The genetic recombination (or gene) refers to exchange genes between two nucleic acid molecules, to form new combinations of genes on a chromosome .If two chromosomes break and come together again, some genes carried by these chromosomes are exchanged, a process called crossing over.The original chromosomes recombine, so that each now carries a part of the genes of the other.

Types of Gene Recombination

Gene recombination can be homologous or non-homologous:

  • Homologous gene recombination : occurs between identical or very similar DNA sequences. That is, between homologous sequences.
  • Non-homologous gene recombination : occurs between DNA sequences without any similarity to each other.

Gene Recombination and Mutation

Gene recombination and mutation are different processes.

However, both processes are involved with the genetic variability of individuals .

The mutation corresponds to inherited changes in the DNA sequence. It is the primary source of variability.

Gene recombination is the mixing of genes between individuals of the same species. It increases the variability primarily produced by the mutation.

Thus, it can be said that mutation and recombination work together. Meanwhile, the mutation modifies DNA. Recombination promotes mixing between the modified genes between two individuals.

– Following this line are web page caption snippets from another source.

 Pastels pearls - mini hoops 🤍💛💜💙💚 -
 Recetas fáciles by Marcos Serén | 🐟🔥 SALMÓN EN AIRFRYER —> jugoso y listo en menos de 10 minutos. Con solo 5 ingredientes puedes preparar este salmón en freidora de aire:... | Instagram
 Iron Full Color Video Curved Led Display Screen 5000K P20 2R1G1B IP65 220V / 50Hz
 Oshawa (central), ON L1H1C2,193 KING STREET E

Gene Recombination and Evolution

The modern theory of evolution (Neodarwinism) considers three main factors in the evolutionary process: gene mutation, gene recombination and natural selection .

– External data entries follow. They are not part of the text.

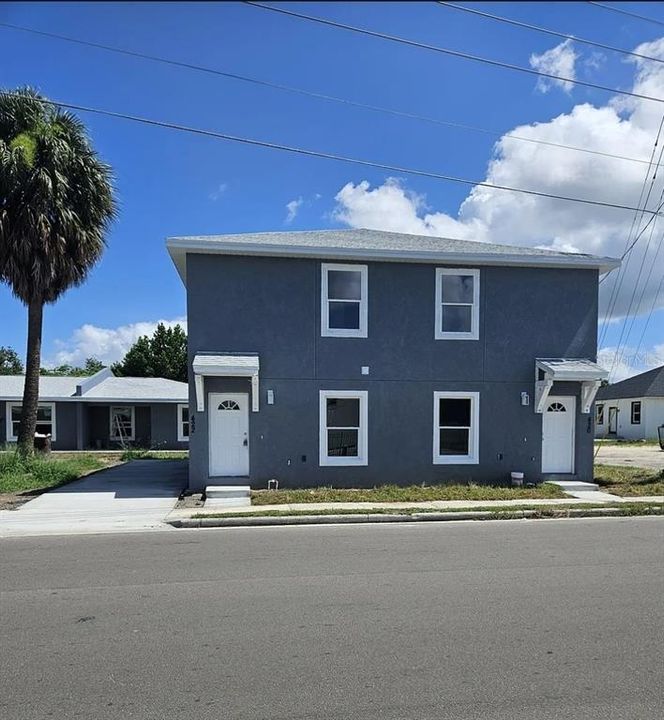 Recently Rented: $1,550 (3 beds, 3 baths, 1104 Square Feet)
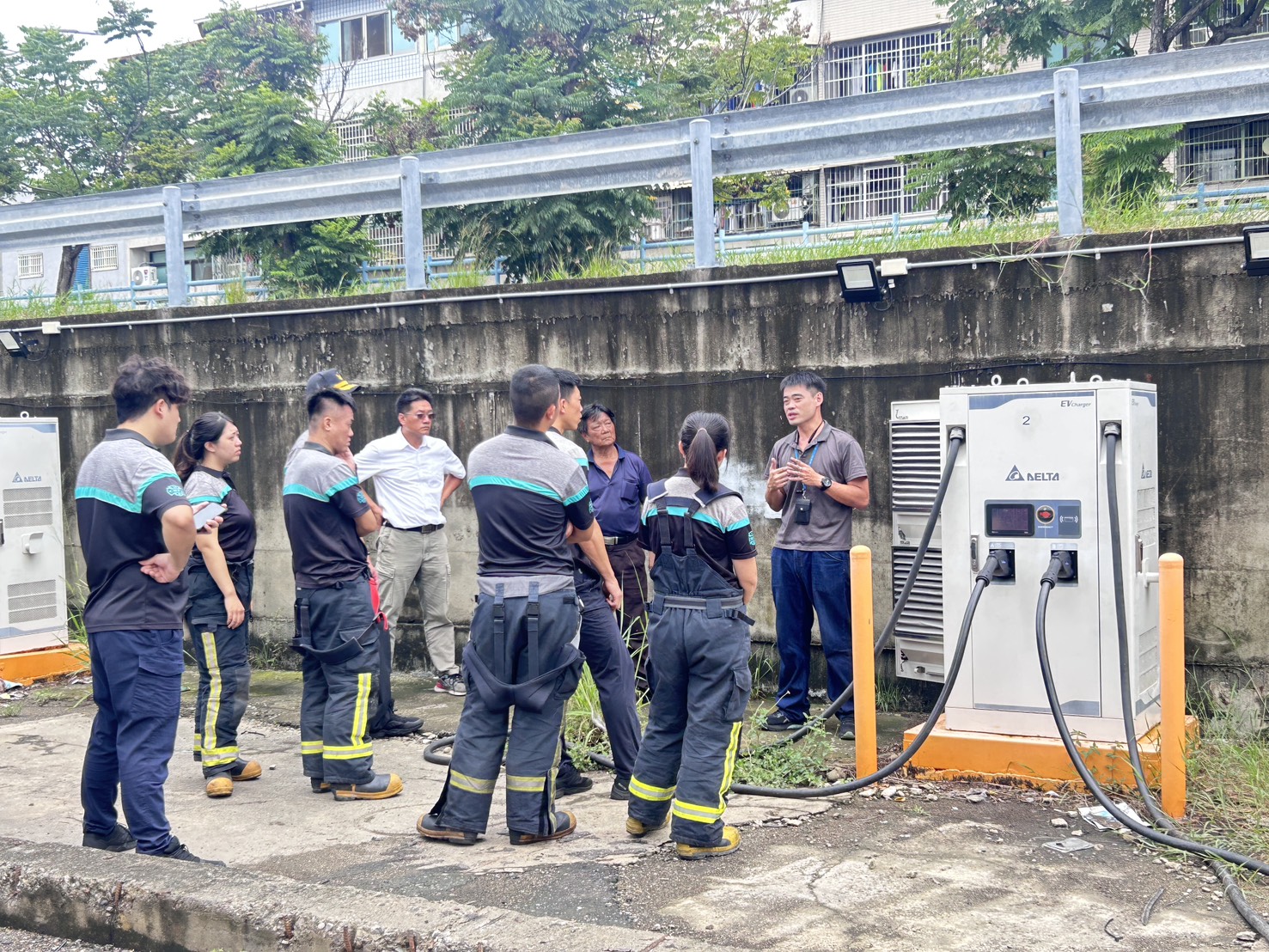 電巴起火怎麼辦？員林客運聯手消防模擬火警應變 - https://www.watchmedia01.com
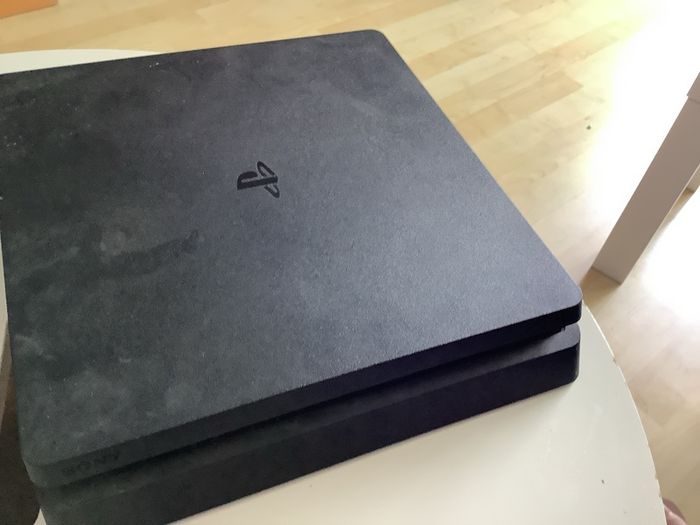 Sony PlayStation 4 Slim Console Fully Working No Controller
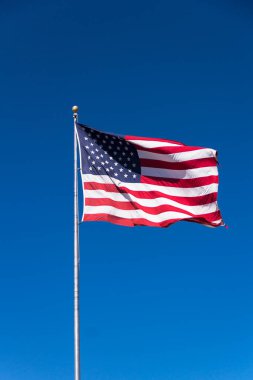 Rüzgarda dalgalanan Amerikan bayrağı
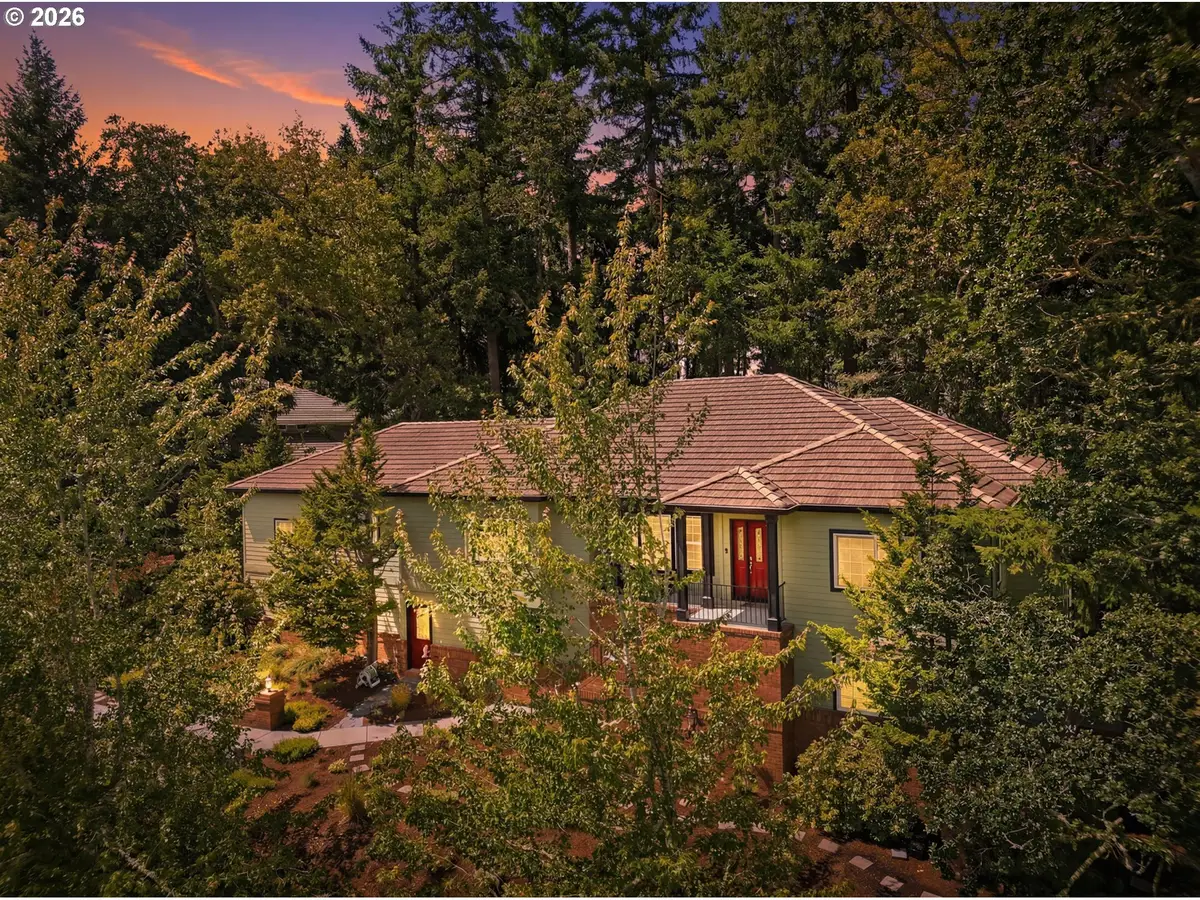 3083 Skyview Ln, Eugene, OR 97405 - #1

Mutation and gene recombination are responsible for genetic variability , ensuring that individuals are genetically different each generation.

Without the processes of genetic variability, such as gene recombination and mutation, evolution would be extremely slow. This is because, there would be no mechanisms to bring together the mutations of different individuals.

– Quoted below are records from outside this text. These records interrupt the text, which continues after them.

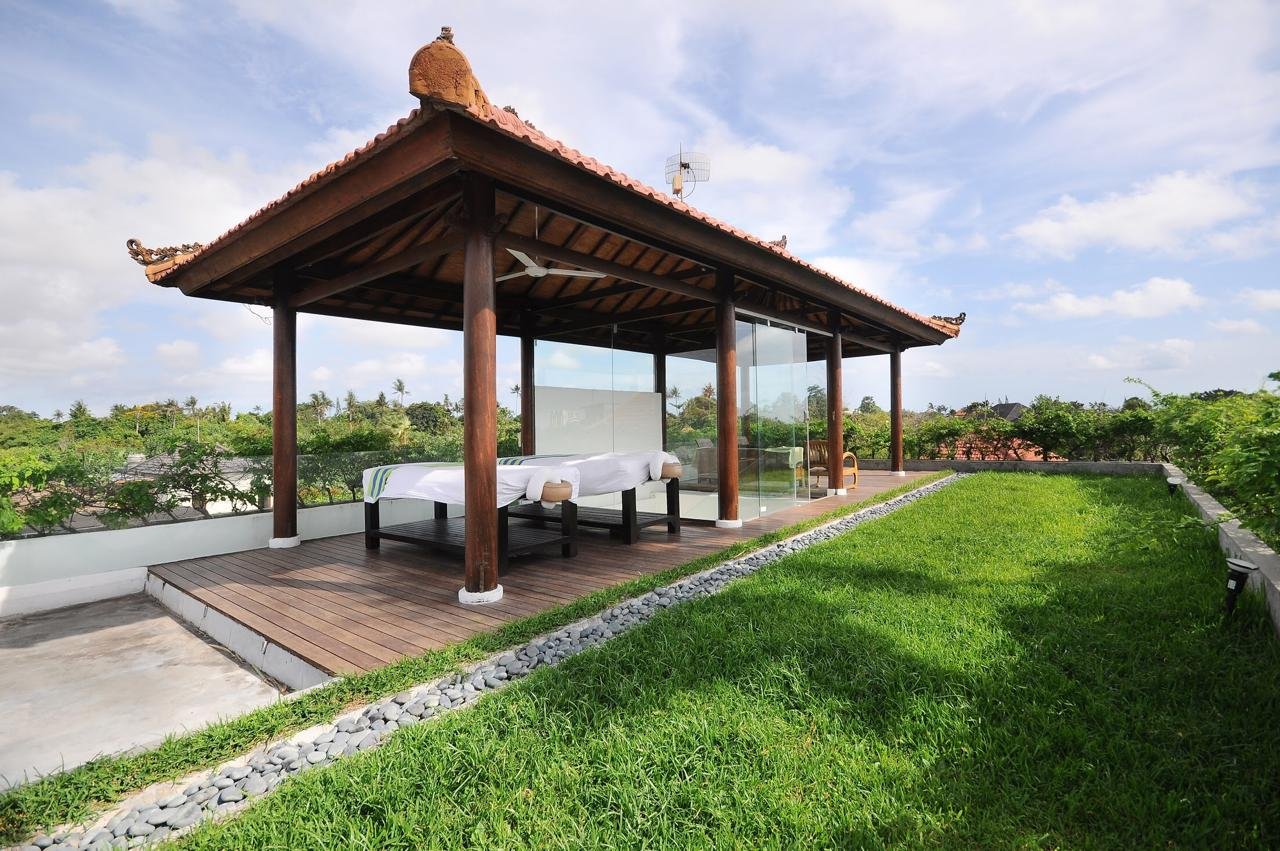 Freehold (SHM) 4-Bedroom Villa in Berawa, Canggu with Rooftop Lounge & Private Pool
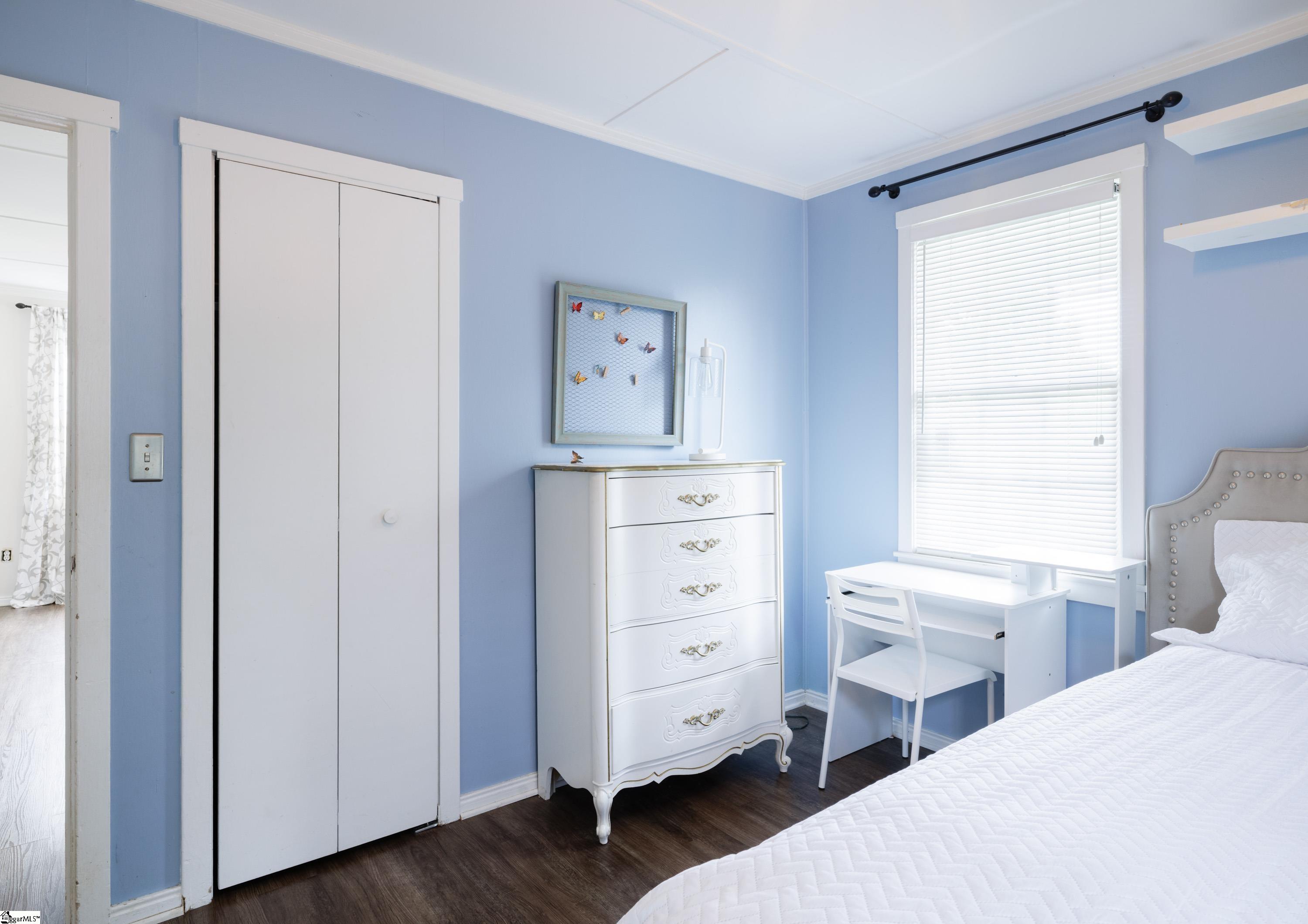 property viewer photo 16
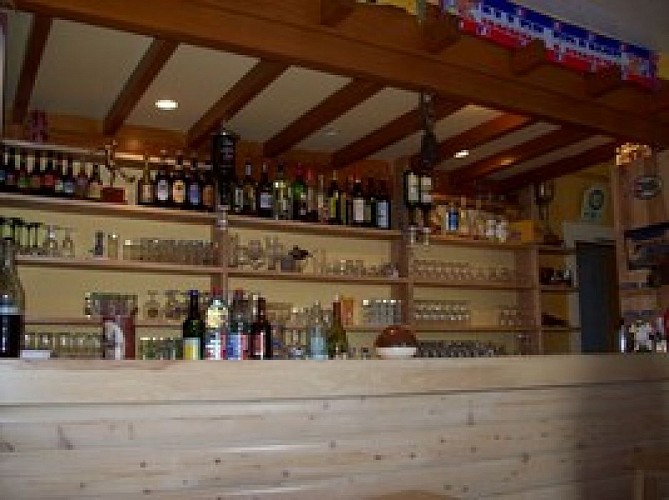 HÔTEL - LES GENTIANES_4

It is through genetic variability that organisms evolve and adapt to the environment.

Bacterial Genetic Recombination

acteria are microorganisms with a high capacity to reproduce, basically presenting asexual reproduction as a process of formation of new individuals. Because of this ability to reproduce in a few minutes, a single bacterium can give rise to a population of bacteria similar to the original. This set of bacteria caused by an “original” is known as a clone.

However, even without sexual reproduction, in certain species processes occur in which the mixture of genetic material allows the formation of different bacteria. These processes are known as genetic recombination in bacteria and can occur in 3 basic ways: transformation, transduction and conjugation.